Crazyguy,
While everyone is entitled to their views, and indeed, some of the later interpolations of Ezra and Daniel, and writings that did not make into the Tanakh (such as Tobit) show Greek influence, the Hebrew Bible as a whole is a product of the pre-Hellenistic era.
The Tanakh was compiled during the Babylonian exile, in the 500s BCE, when the Jews were cutoff from the world. This was during the end of the era of Archaic Greek society, and the Jews would not encounter the Greeks until the exile ended and the Classical Greek world began.

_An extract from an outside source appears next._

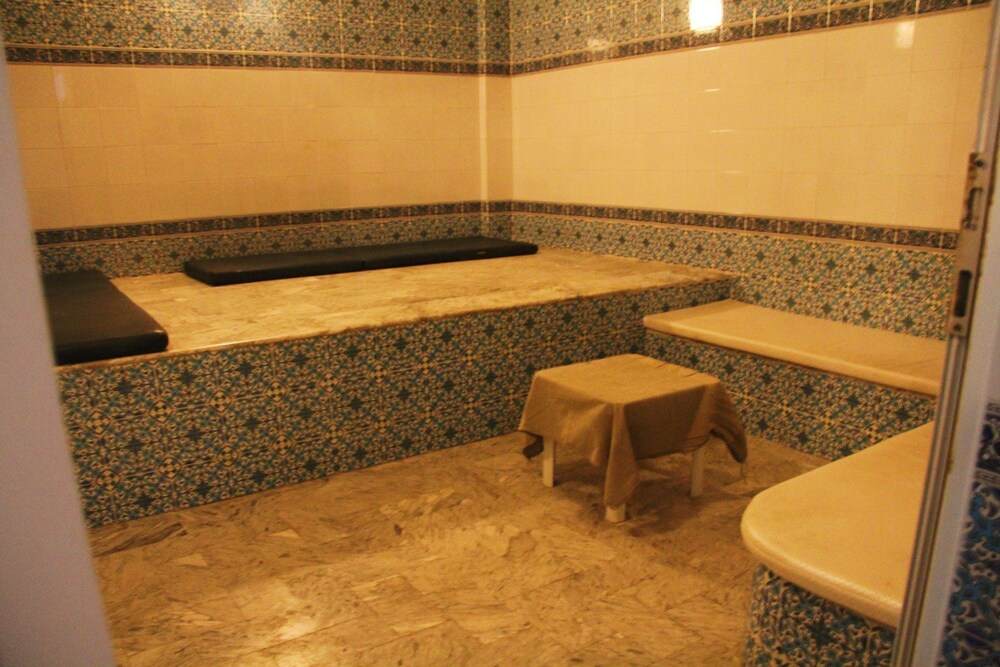 Hotel Royal Jinene 35/68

The Jews would first make contact with Hellenism just prior to the Hasmonean revolt at the end of the 3rd century,3-4 hundred years after the Hebrew Scriptures had been written. The introduction of Chanukah into the Jewish calendar in the 2nd century BCE, marks how late (and originally destructive) this first encounter was.

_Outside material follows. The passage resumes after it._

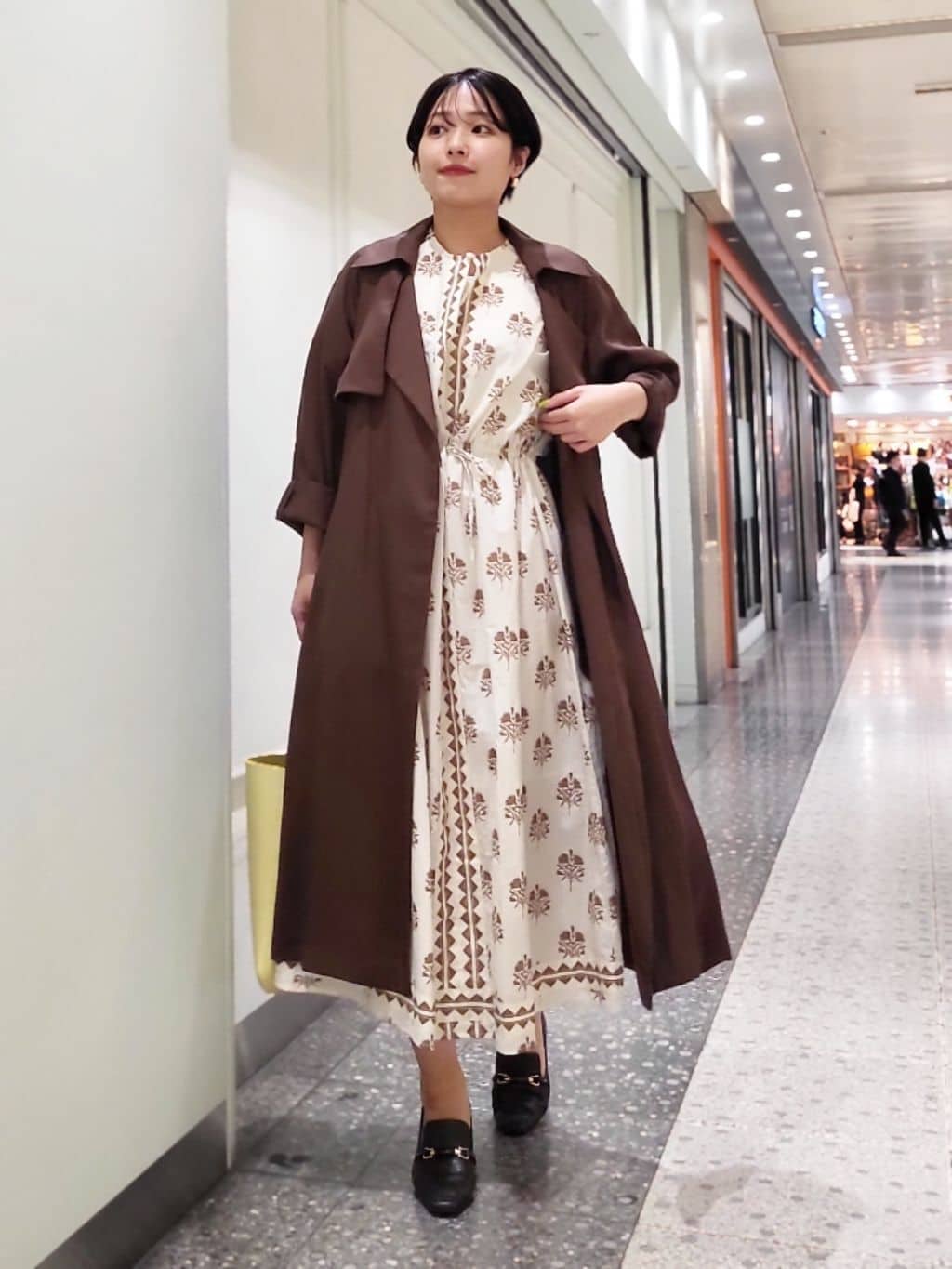 とろみライトトレンチコート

When Egypt fell to Greece, Hellenistic Jews moved to Alexandria. The Septuagint was the result, but the experiment did not last long. The Septuagint was eventually rejected by Judaism because of this Greek influence upon the text, even though even in the Septuagint it was somewhat minor. To this day Jews regard the Septuagint as a faulty and untrustworthy translation. None of the Greek additions in the Septuagint occur in the accepted Jewish text of the Tanakh. Only the Catholic and Greek Orthodox Church accept these Greek additions as canonical.